After three months of picketing, attending rallies, voting to end the work stoppage and ratify our new contract, we’re thrilled the WGA strike is finally over. Not only because we’re now back to work writing scripts and paying our rent, but because — above all — the Oscars have been saved.
We won’t lie. Besides being screenwriters, we’re normal, red-blooded, tabloid-reading, celebrity gossip-following and fashion-obsessed American women. As such, there’s one thing we can’t live without — awards shows. Especially awards shows where we might actually know someone who’s nominated. (Or at least know their agent.) Nothing earns you instant Oscar viewing party cred like hearing the name of a profusely-thanked talent representative in an acceptance speech and proudly announcing to your buddies, “That guy once screamed at me on the phone.”

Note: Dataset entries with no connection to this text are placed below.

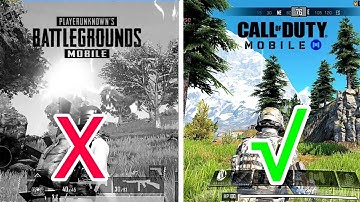 Pubg Mobile vs Call of Duty Mobile Graphic Comparison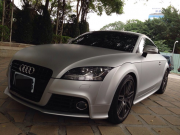 奧迪TT太空銀車身改色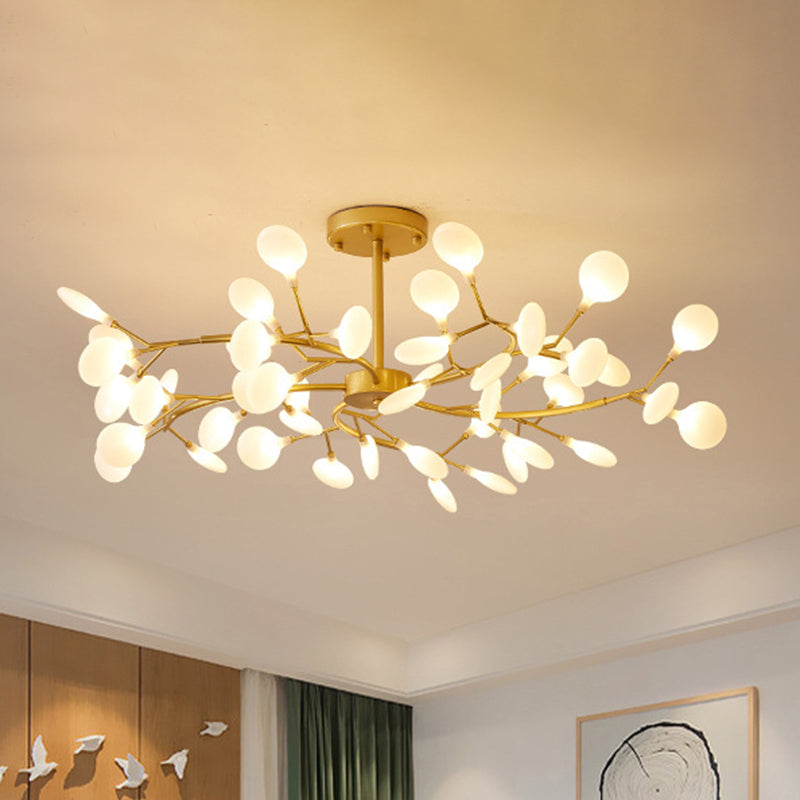 Lampade del lampadario spray Light Freersons Modern Minimalist Style Light con ombra acrilica per soggiorno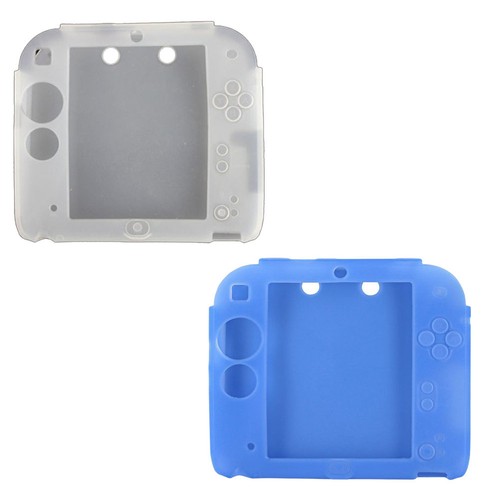 1/2 Pack Protective Soft Silicone Rubber Gel Skin Case Cover for Nintendo 2DS - Picture 28 of 41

The loss of the Golden Globes televised ceremony this year was a heart-wrenching blow for awards show junkies like us. We tried to get invested in the event anyway. We trotted out our usual awards show rituals — pizza, cheap wine from Trader Joe’s, and competitively creative variations on “I can’t believe she’s wearing that.” Sadly, in the end, the Golden Globes were nothing more than a press conference announcing the winners. A press conference is only interesting if involves a) a presidential scandal or b) Tommy Lee Jones announcing that the fugitive’s name is Dr. Richard Kimble. Sure, it was exciting to hear who won. But it’s like listening to a baseball game on the radio. You get the stats and scores, but are left to imagine the heart-stopping, series-clinching slide into home base in your mind. There were no dresses to critique. No bad hairdos to rate on a scale of 1 to 10. No foreign language films to pretend we’d actually seen. And most devastating, no drunk celebrities. While the Oscars are prestigious, the Golden Globes are our personal favorite because the Hollywood Foreign Press Association wisely allows guests and nominees to drink. Movie stars plus booze is a math equation with a potentially hilarious remainder. Where else can one witness Harrison Ford mount the stage to present an award — and hand his gin and tonic to a fellow presenter to babysit while he opens the envelope?

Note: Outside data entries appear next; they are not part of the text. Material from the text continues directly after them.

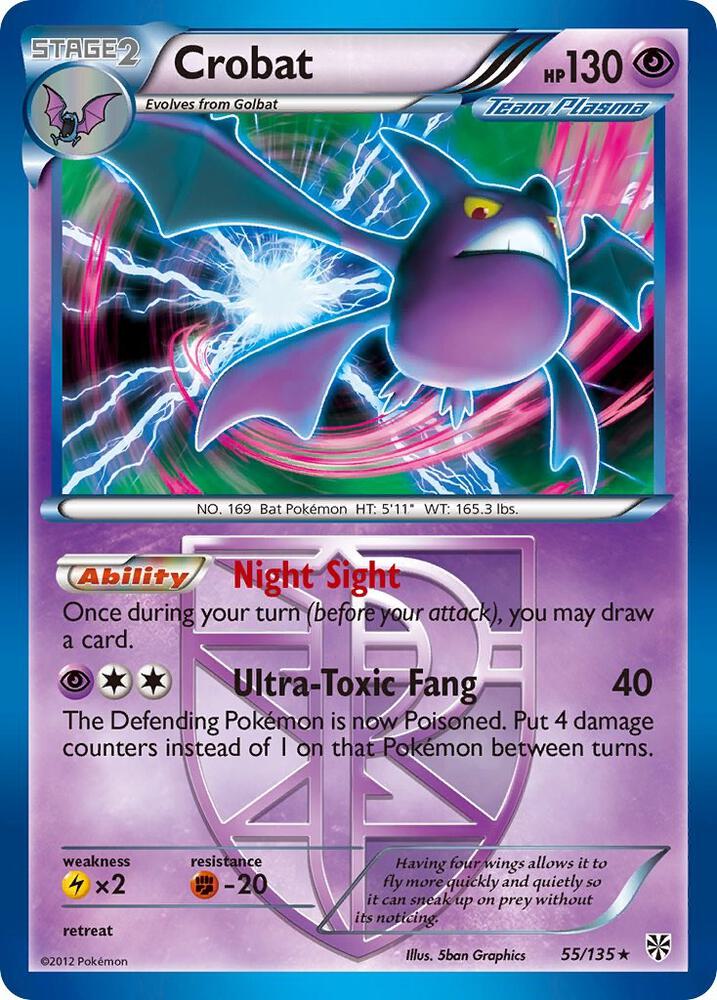 Crobat (Team Plasma) #55/135 - Plasma Storm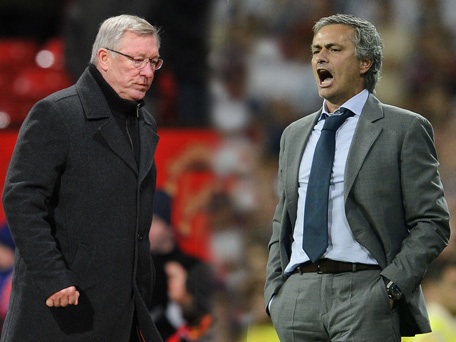Manchester United's Sir Alex Ferguson and Real Madrid's Jose Mourinho  square off in an epic Champions League Clash.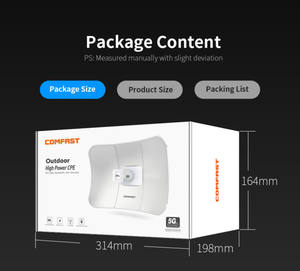 Venta caliente de fábrica Soporte barato Personalización OEM 11KM Transmisión de larga distancia 900 Mbps Puente inalámbrico al aire libre/CPE - Product Image 5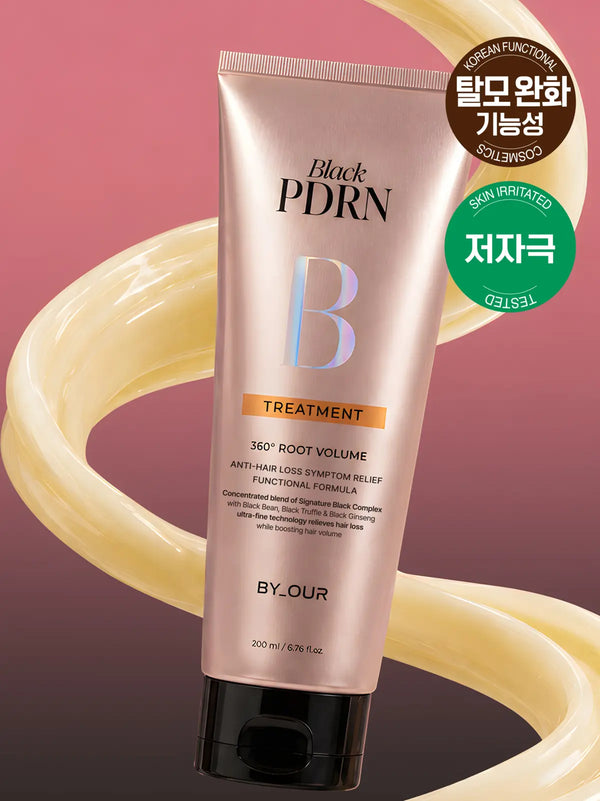 [By Aureurauer] BAUER 360° Volume Up Black PDRN Treatment 200ml / 바이아우어 360도 볼륨업 블랙 PDRN 트리트먼트 200 ml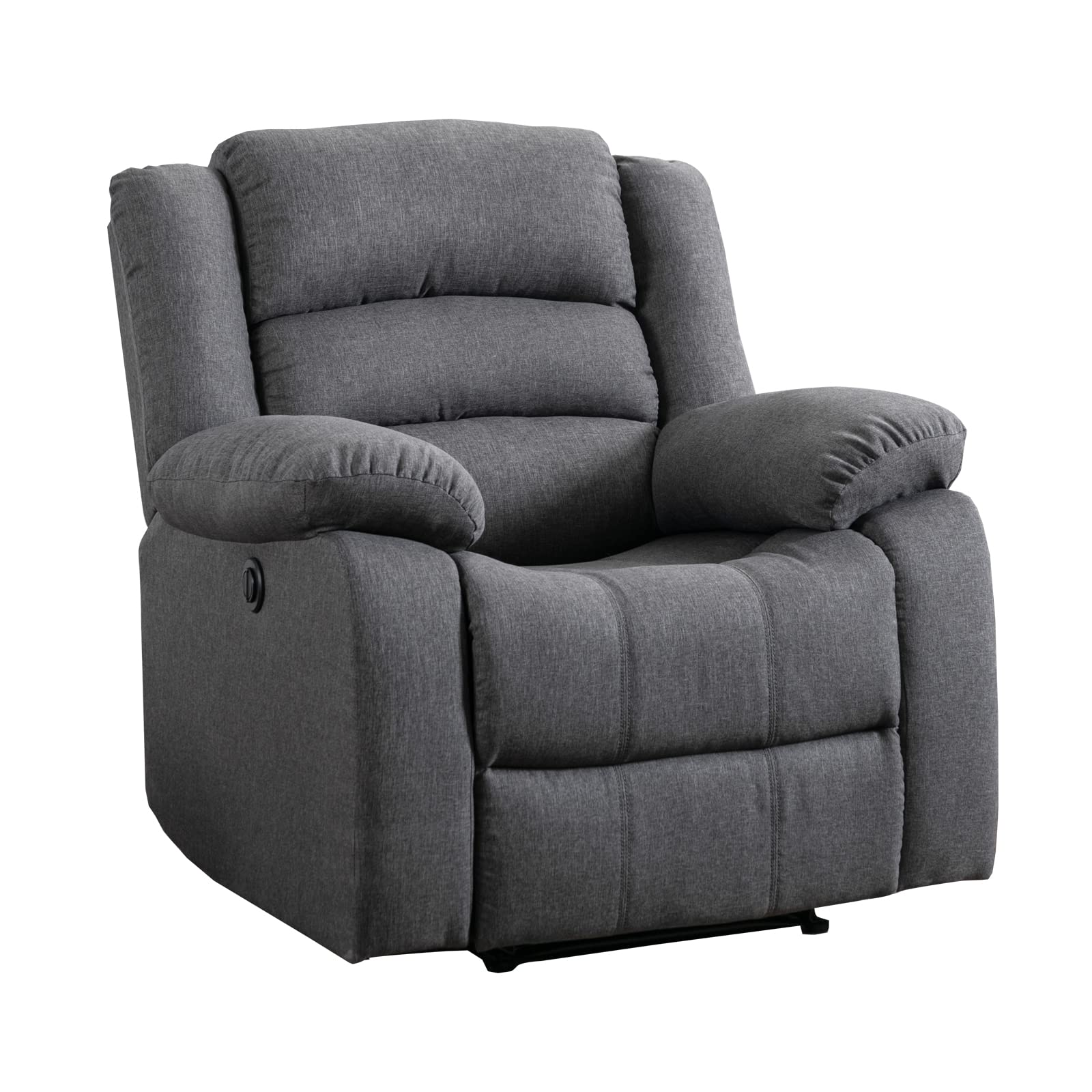Ebello Classic Power Recliner Chair, Oversized Electric Overstuffed Chair With Soft Cushion And Back, Sofa With Comfortable Armc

Without further ado, here are our “insider” picks: We’re relentlessly cheering for Juno as Best Picture. Comedies are almost never recognized as Best Picture material. And as comedy writers ourselves, this gives us hope that someday we can graduate from sitting on our couch making fun of nominees to being the nominees made fun of. And for Best Sound Mixing, we’re pulling for Paul Massey, David Giammarco and Jim Stuebe for 3:10 TO Yuma! Actually, we have no clue about sound mixing, like the rest of America watching this Sunday.
Sure, we appreciate good sound mixing as much as the next audience member, but it’s a black hole of mystery to us. That, and the Art Direction category. Predicting winners in those categories sometimes involves a dart board. Even though we work in “the biz”, we’re no more insightful or accurate in our Oscar pool than the guy who delivered the pizza we’re eating.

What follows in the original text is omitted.